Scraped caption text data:
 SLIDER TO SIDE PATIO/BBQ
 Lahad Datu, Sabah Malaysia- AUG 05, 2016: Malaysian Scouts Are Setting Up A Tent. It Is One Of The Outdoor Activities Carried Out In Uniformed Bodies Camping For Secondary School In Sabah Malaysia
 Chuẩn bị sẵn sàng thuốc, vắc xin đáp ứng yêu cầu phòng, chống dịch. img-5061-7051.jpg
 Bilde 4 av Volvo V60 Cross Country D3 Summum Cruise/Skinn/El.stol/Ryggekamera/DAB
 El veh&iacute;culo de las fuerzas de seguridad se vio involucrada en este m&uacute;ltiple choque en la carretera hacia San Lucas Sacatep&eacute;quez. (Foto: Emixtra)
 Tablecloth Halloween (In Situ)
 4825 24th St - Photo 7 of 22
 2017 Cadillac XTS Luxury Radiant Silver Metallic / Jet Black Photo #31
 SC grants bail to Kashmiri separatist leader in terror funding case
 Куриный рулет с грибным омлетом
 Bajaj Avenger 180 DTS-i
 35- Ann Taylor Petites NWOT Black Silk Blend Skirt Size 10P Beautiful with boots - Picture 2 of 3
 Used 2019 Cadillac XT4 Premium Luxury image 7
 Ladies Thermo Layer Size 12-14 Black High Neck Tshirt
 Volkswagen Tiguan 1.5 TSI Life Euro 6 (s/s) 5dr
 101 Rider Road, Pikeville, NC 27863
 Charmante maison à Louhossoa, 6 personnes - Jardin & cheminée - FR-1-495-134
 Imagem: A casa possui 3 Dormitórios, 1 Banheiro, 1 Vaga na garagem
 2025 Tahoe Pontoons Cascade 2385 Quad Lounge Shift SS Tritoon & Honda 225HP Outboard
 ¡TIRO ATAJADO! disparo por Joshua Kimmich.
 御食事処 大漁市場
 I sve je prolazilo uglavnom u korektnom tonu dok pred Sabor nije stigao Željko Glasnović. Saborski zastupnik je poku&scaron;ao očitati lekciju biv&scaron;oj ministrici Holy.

* Exercise instructions
Every line in the data that holds the string "Black" should be returned.

* Written solution
 2017 Cadillac XTS Luxury Radiant Silver Metallic / Jet Black Photo #31
 35- Ann Taylor Petites NWOT Black Silk Blend Skirt Size 10P Beautiful with boots - Picture 2 of 3
 Ladies Thermo Layer Size 12-14 Black High Neck Tshirt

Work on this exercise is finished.